A hunky lout raises pointless hell in the fields and meadows of one of those parts of Maryland that dips down into what may as well be the Deep South. The lout—he's never named, but he's embodied by Gabriel Croft—beats up an abandoned car, peppers BBs at livestock and gets into a brawl with young women riding ATVs. It's a playful fight, despite all the grunting and swearing, with a vaguely erotic charge. As the lout ducks out of their way, one of the girls flashes a quick, heartening smile.

And then a 10-year-old boy bashes her in the skull with a baseball bat.

The kid appears to be the lout's brother. (Also unnamed, he's played by Hale Lytle.) He's been shadowing the lout all along, bound to him by a shared interest in jackassery and not much else. Problem is, the kid's less clear on the distinction between playful stupidity and shit getting real.

So, about 10 minutes into the movie, these two must go on the run.

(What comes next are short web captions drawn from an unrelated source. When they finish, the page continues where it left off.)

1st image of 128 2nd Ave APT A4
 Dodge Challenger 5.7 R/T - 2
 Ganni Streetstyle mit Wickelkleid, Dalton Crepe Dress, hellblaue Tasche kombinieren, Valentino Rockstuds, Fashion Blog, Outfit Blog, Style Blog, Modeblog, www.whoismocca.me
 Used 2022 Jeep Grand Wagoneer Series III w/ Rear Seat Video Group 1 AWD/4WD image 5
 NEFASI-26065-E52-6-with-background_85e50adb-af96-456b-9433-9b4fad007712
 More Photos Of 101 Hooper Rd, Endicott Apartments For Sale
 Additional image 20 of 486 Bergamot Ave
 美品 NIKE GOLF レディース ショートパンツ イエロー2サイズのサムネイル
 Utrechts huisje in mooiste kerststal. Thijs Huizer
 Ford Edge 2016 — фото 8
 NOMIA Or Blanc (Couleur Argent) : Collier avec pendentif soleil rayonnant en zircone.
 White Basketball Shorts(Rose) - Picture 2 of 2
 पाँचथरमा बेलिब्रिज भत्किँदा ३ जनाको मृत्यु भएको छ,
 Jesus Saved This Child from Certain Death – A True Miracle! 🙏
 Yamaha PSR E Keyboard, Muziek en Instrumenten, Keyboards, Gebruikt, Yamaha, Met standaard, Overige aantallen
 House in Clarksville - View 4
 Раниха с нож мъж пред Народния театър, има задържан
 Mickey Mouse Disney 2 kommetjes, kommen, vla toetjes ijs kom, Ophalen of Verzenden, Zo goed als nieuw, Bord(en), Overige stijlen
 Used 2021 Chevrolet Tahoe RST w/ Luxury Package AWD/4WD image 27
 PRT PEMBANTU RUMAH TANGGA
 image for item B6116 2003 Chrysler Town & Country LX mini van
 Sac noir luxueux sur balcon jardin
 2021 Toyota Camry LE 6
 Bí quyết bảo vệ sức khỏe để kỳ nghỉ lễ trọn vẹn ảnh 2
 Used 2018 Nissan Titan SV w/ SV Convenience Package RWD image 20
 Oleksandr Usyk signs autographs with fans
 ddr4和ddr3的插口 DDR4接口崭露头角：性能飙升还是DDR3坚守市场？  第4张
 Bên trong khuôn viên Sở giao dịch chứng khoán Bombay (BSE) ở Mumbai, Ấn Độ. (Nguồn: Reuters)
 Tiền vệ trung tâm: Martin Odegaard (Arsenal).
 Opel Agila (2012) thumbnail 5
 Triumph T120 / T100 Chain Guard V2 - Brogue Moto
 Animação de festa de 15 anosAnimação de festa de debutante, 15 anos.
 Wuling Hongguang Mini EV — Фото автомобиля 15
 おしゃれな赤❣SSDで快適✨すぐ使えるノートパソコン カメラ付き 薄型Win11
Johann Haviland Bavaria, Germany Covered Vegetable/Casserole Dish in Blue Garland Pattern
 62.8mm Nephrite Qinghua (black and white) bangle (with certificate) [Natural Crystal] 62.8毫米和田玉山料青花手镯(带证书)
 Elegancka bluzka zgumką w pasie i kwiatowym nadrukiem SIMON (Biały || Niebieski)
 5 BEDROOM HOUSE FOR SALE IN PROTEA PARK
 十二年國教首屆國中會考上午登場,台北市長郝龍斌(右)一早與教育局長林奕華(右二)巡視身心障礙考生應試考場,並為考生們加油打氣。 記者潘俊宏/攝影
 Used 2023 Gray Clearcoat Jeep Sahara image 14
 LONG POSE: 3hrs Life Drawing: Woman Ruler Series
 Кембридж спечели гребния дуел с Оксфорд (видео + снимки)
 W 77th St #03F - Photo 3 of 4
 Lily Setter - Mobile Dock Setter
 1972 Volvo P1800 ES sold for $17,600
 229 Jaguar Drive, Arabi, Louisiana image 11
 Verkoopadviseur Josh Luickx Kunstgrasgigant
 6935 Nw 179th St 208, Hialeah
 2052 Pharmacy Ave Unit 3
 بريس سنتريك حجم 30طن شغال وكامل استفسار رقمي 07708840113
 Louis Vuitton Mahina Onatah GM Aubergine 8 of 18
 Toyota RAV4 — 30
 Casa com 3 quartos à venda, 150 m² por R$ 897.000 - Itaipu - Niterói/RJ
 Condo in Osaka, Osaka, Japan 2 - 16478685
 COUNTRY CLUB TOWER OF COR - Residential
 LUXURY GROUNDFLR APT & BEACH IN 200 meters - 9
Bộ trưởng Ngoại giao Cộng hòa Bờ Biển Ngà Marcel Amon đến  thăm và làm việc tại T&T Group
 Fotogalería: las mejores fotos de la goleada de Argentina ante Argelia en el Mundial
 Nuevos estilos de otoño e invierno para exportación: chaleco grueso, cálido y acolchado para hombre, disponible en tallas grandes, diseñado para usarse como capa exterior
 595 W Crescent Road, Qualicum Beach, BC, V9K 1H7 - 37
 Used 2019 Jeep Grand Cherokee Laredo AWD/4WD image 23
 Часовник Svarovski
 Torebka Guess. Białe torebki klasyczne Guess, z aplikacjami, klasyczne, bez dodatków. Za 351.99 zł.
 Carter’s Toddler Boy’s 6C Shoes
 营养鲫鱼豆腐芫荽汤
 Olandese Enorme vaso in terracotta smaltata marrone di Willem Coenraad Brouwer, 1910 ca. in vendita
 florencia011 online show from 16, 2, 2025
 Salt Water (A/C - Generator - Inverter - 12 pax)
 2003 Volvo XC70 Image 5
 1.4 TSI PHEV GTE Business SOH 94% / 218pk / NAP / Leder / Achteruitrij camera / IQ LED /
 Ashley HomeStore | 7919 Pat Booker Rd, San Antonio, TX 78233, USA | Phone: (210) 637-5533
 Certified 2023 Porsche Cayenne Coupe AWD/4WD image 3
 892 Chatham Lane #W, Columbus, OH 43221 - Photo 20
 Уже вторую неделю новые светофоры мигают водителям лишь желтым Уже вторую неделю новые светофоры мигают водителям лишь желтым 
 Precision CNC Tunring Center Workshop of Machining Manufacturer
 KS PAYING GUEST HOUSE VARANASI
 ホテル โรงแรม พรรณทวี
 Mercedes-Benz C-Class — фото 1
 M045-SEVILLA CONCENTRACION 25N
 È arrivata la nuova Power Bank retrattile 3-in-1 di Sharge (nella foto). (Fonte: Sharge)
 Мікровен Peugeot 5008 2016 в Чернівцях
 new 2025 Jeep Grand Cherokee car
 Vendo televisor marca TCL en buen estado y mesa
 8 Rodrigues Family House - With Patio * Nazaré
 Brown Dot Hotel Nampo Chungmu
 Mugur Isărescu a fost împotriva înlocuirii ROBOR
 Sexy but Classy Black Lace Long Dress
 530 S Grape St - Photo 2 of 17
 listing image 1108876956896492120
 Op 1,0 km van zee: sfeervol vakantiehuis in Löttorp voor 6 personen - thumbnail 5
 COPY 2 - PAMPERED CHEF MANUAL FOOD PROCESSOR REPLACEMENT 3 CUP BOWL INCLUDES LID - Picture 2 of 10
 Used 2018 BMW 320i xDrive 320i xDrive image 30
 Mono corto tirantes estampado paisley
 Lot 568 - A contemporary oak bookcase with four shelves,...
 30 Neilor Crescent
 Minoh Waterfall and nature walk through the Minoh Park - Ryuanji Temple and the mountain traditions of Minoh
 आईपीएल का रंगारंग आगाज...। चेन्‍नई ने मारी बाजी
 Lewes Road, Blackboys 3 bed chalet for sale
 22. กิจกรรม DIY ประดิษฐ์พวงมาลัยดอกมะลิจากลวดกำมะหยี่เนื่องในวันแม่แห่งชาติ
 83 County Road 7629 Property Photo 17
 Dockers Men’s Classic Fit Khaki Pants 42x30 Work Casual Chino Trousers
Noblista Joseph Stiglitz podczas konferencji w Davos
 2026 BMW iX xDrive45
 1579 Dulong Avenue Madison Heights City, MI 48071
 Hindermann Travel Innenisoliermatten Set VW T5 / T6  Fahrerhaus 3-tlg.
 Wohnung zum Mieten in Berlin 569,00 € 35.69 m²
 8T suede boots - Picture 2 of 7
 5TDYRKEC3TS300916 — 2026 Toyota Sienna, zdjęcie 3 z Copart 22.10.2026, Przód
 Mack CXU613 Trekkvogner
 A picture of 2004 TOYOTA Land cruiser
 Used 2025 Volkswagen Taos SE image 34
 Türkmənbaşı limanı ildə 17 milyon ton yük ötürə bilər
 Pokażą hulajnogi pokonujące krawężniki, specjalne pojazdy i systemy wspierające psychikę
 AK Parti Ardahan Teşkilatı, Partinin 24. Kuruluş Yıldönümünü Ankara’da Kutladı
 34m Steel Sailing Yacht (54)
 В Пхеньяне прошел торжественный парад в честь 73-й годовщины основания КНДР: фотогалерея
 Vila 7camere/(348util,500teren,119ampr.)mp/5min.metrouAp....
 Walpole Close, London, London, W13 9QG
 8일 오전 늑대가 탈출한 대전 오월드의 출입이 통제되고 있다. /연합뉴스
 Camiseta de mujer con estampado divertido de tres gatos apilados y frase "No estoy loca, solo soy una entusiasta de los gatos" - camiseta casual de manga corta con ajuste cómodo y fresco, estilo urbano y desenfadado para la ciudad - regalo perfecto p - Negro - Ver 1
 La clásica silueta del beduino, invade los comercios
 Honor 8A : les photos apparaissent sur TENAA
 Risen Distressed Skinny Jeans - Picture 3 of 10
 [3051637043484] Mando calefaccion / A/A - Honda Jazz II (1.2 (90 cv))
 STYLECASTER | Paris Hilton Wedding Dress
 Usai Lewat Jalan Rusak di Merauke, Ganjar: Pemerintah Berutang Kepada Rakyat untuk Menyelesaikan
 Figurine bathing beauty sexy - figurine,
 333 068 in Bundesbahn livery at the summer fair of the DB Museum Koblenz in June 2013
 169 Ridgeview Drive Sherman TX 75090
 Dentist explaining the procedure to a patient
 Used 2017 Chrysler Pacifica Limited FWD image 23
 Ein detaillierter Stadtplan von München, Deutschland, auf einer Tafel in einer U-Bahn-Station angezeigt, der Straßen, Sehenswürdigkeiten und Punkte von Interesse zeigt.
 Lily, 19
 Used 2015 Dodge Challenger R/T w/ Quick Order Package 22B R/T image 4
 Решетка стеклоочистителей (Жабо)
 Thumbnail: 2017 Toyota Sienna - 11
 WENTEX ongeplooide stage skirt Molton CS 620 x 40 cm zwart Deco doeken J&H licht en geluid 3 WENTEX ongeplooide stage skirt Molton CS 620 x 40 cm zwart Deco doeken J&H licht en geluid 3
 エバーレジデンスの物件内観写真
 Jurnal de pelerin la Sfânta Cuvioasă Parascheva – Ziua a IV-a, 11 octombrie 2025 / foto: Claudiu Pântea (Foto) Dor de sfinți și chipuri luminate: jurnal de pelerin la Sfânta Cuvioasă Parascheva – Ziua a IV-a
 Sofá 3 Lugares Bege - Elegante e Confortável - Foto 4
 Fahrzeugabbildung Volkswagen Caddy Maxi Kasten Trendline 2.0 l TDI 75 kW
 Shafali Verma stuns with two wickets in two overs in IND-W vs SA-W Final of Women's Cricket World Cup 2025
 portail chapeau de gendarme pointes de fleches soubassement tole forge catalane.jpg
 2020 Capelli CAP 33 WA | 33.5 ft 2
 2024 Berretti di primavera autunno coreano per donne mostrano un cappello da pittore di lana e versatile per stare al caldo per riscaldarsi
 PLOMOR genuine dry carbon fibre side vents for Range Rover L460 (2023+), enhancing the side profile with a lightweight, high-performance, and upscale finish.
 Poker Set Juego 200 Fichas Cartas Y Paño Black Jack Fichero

Their mother, in a flurry of strong and wordless scenes, boots them from the nest. But what happens next is curious, fascinating, frustrating: Rather than a manhunt, or tears and bonding, or even any moments of remorse, these two just keep on jackassing, but not as they would in any other roadtrip movie you've ever seen. There are no set pieces, here, and there are never really consequences: They don't blow up a gas station or get chased out of town by bikers. Instead, they fall asleep behind the wheel. They cruise too fast through beauty they don't seem to notice or value. They don't speak, really—the first time anyone says more than three or four words at once, they're in French. (More on that below.)

They're bored, they're not going anyplace in particular, and Betzer and invaluable cinematographer Sean Price Williams frame their pranks and dust-ups at an observational remove: Even the lout's own movie knows that nothing he's doing matters all that much. (The film, shot in 16mm, offers sharp-eyed studies of Maryland's landscapes and beach towns.)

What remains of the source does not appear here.